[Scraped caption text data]
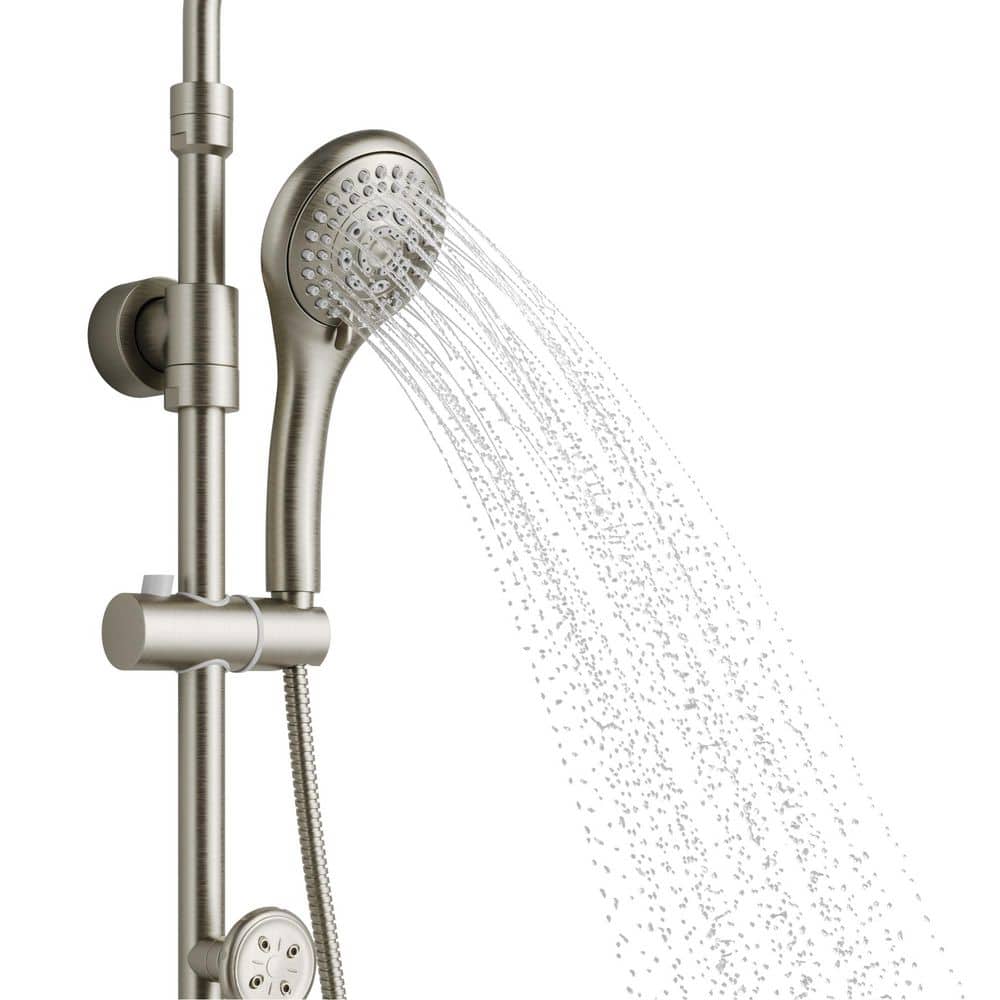Brushed Nickel Multi-Function Shower System with Adjustable Height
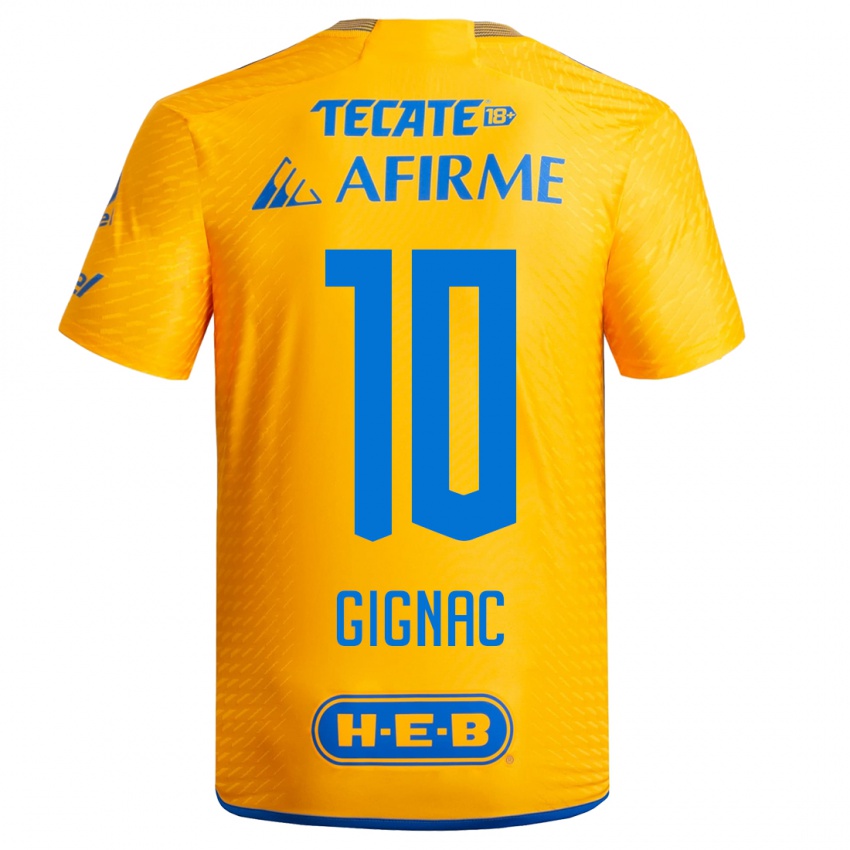 Niño Camiseta Andre-Pierre Gignac #10 Amarillo 1ª Equipación 2023/24 La Camisa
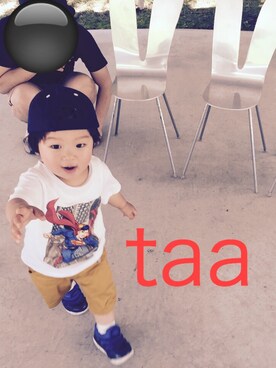 「アイテム（カーゴパンツ、イエロー系）」を使った、taaさん（キッズ・80cm）の夏コーディネート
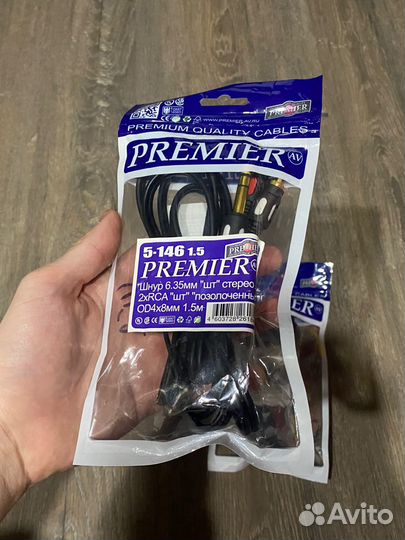 Кабель 2RCA - Jack 6.3, звуковой для мониторов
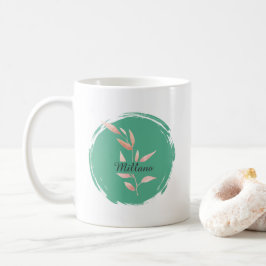 Moderne Teal-Blatt-Dekorative Wurfdecke Kaffeetasse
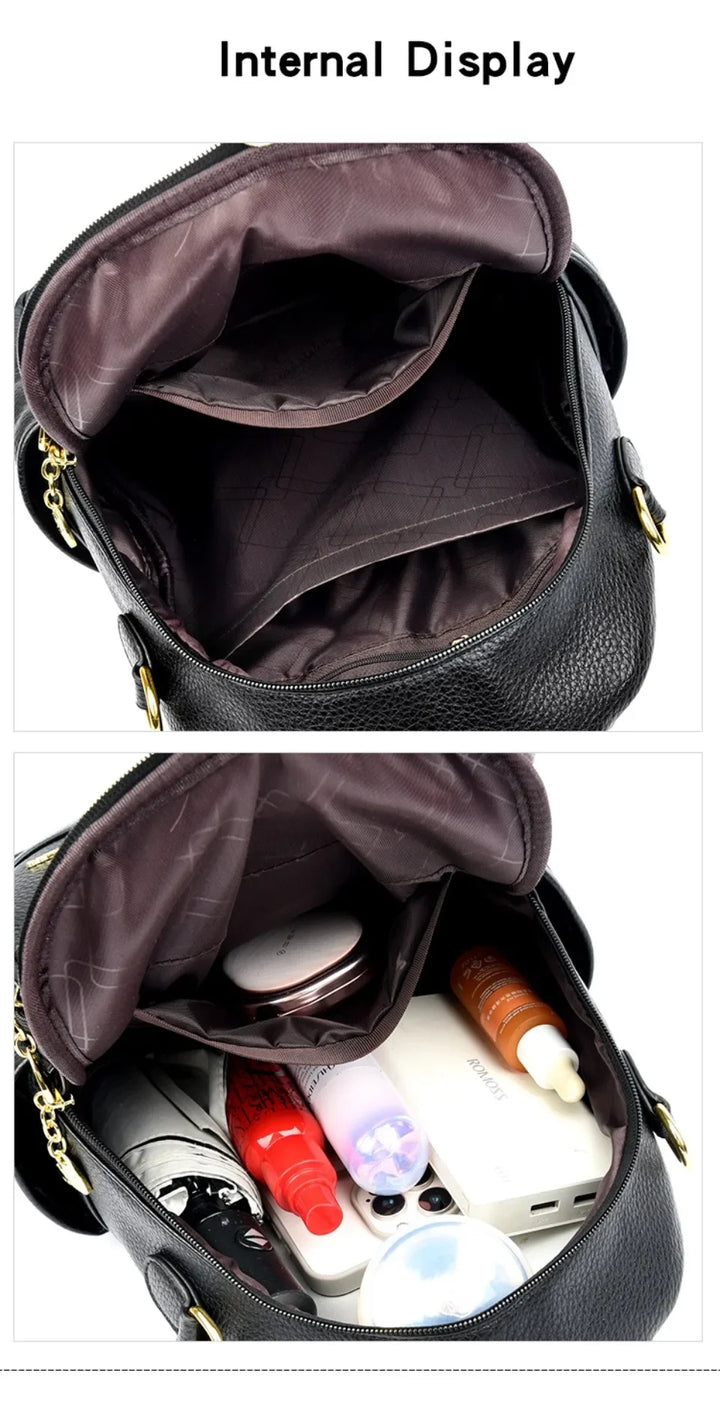 Women’s Leather-Look Travel Backpack | حقيبة ظهر نسائية أنيقة للسفر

What you are asked to do: None of the pictures belongs in the answer, but all the entries must be repeated exactly.

Solution to this problem:
Brushed Nickel Multi-Function Shower System with Adjustable Height
 Niño Camiseta Andre-Pierre Gignac #10 Amarillo 1ª Equipación 2023/24 La Camisa
 「アイテム（カーゴパンツ、イエロー系）」を使った、taaさん（キッズ・80cm）の夏コーディネート
 Кабель 2RCA - Jack 6.3, звуковой для мониторов
 Moderne Teal-Blatt-Dekorative Wurfdecke Kaffeetasse
 Women’s Leather-Look Travel Backpack | حقيبة ظهر نسائية أنيقة للسفر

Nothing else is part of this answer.